Judges and Location of the SPC IP Tribunal

On 29 December 2018, SPC released a list of 27 judges for the IP tribunal, and more judges are expected to be appointed to this tribunal soon in view of its workload – there could be around 50 to 60 judges in total at the end of the day. Amongst these 27 judges, ten are from the SPC, three from Beijing High People’s Court, two from Beijing IP Court, three from China National Intellectual Property Administration (“CNIPA”, formerly “SIPO”) and a few others from various local courts (specifically, one from Zhejiang, two from Shanghai, one from Jiangsu, one from Fujian, one from Shandong, one from Hubei, one from Hunan and one from Guangdong). It is obvious that SPC is to set up a thumb-up team by pulling together judges from the most developed areas in terms of IP trial.

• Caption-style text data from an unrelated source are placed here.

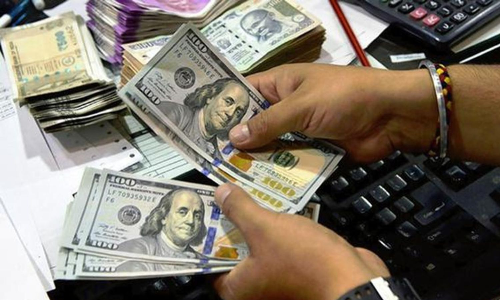 Rupee rises 12 paise to 85.29 against US dollar in early trade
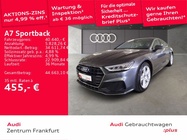 Audi A7 2022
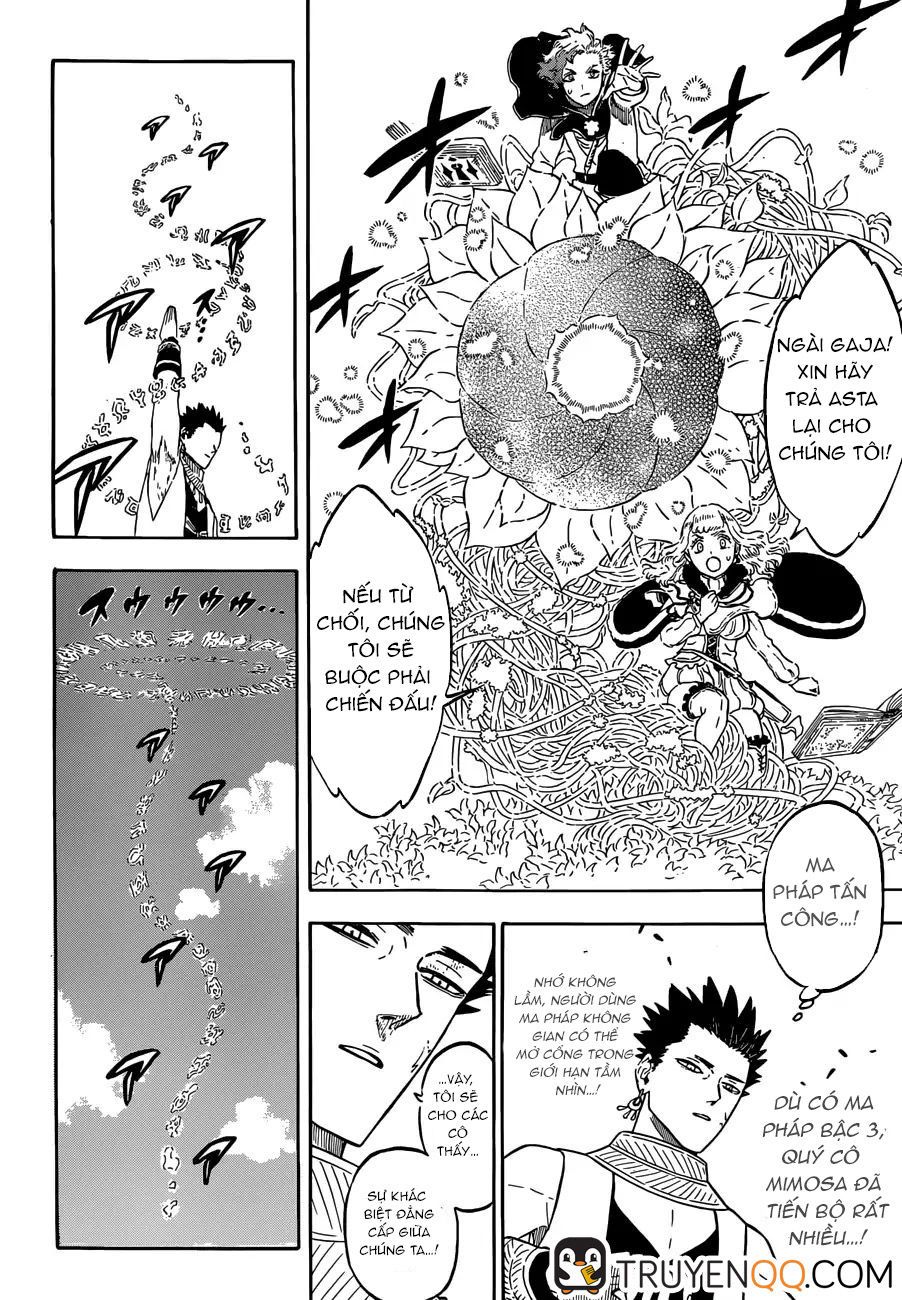 Black Clover - Chương 226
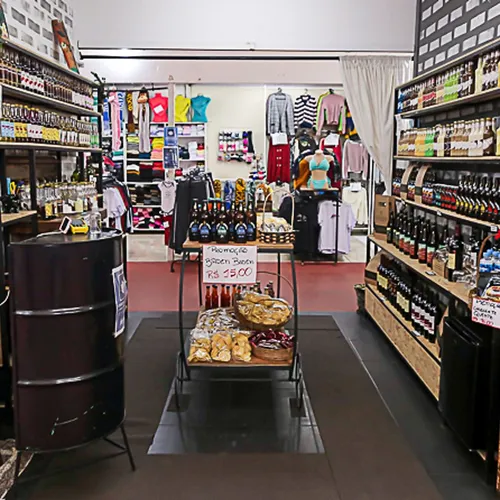 Galeria Villa Capivari, Campos do Jordão, São Paulo, Brasil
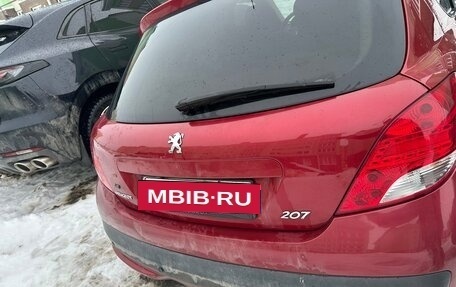 Peugeot 207 I, 2010 год, 400 000 рублей, 4 фотография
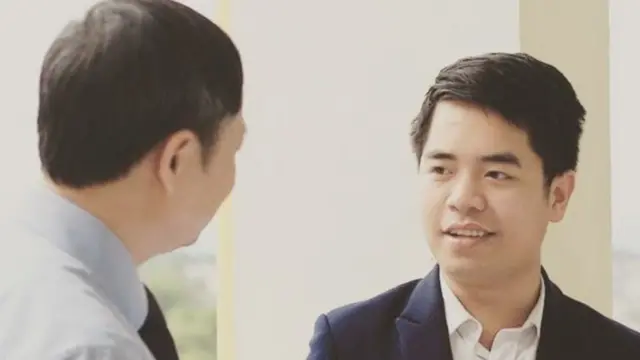 Phan Kinh Khánh trước khi đi tù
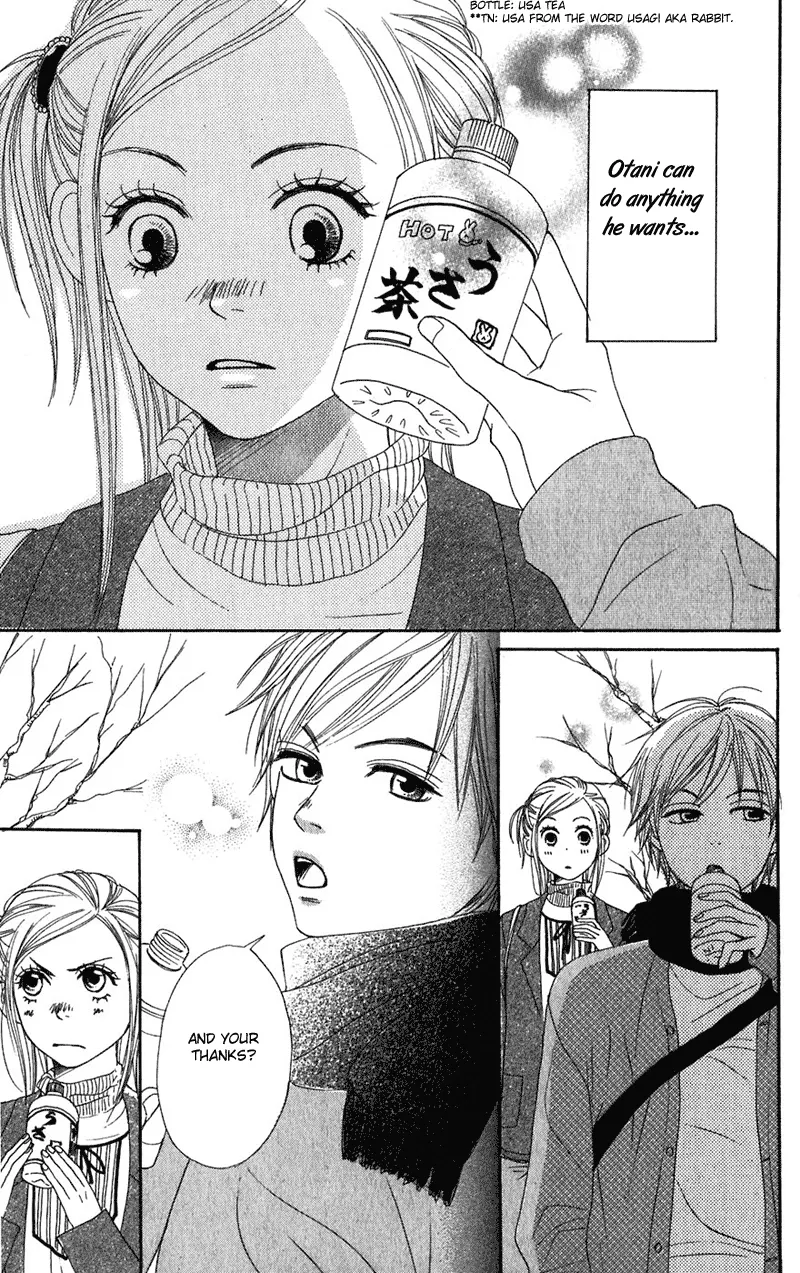 Read Lovely Complex Plus Manga Online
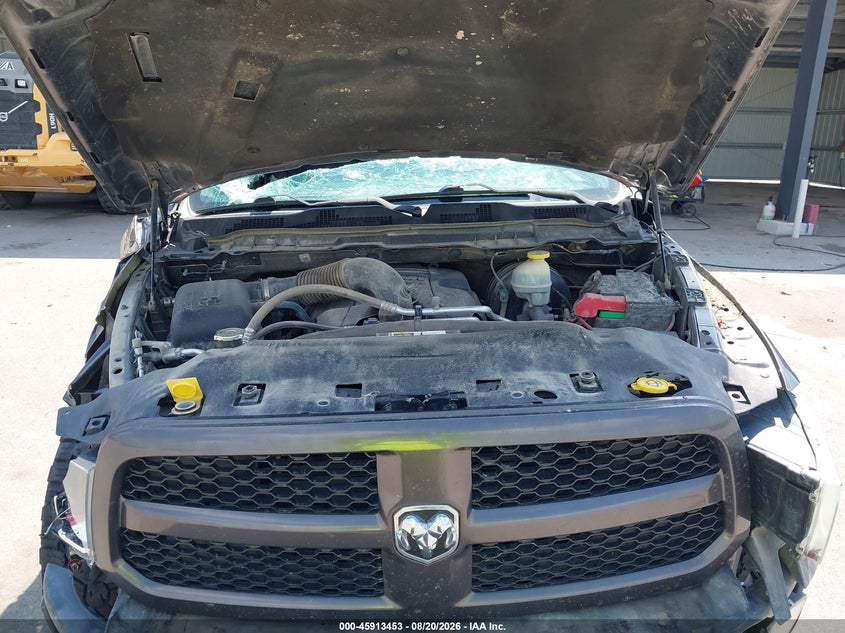 2017 RAM 1500 EXPRESS 4X4 5'7 BOX · Фото 10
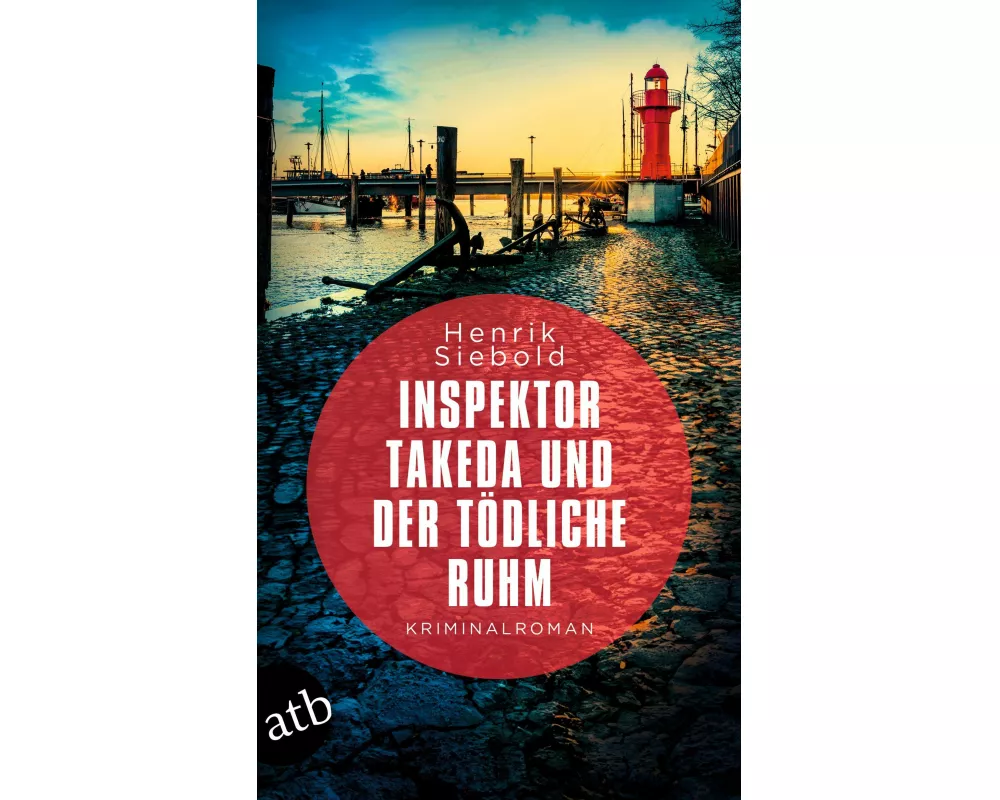 Inspektor Takeda und der tödliche Ruhm
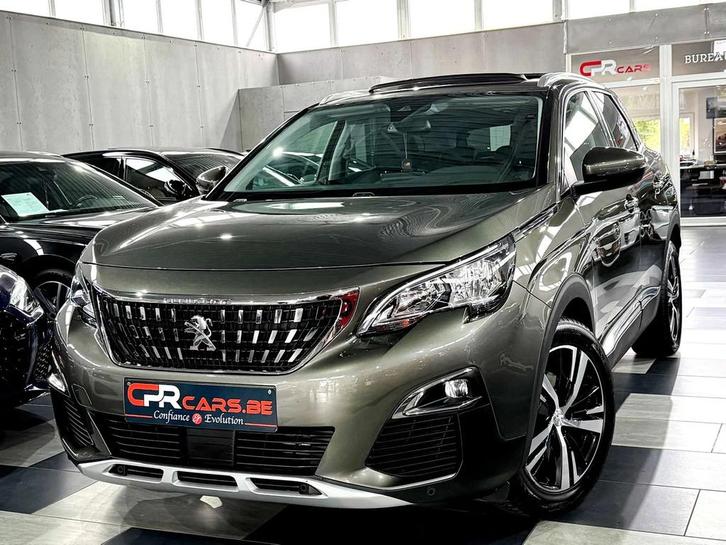 Peugeot 3008 1.2i GT Line 1e Main Etat Neuf Full Hist., Auto's, Peugeot, Bedrijf, Te koop, ABS, Achteruitrijcamera, Airbags, Airconditioning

Situated in southwest Beijing, the SPC IP Tribunal is separate from other existing tribunals of the SPC (including No. 3 Civil Tribunal) and approximately 20 kilometers far away from the SPC.

Impacts of the SPC IP Tribunal

The SPC IP Tribunal is expected to centralize jurisdiction over the aforesaid patent and antitrust IP appeals, further harmonize IP adjudication rules and procedures based on precedents and facilitate increasingly consistent decisions on cases of similar nature. The predictability of cases shall also be improved accordingly.

Furthermore, protectionism concerns, if any, that a local court may rule in favor of the party domiciled in its jurisdiction, would be largely mitigated as the appeal cases will be exclusively overseen by the SPC IP Tribunal which is generally deemed free from influence by all parties. By the same token, forum shopping will also be eliminated to a large extent.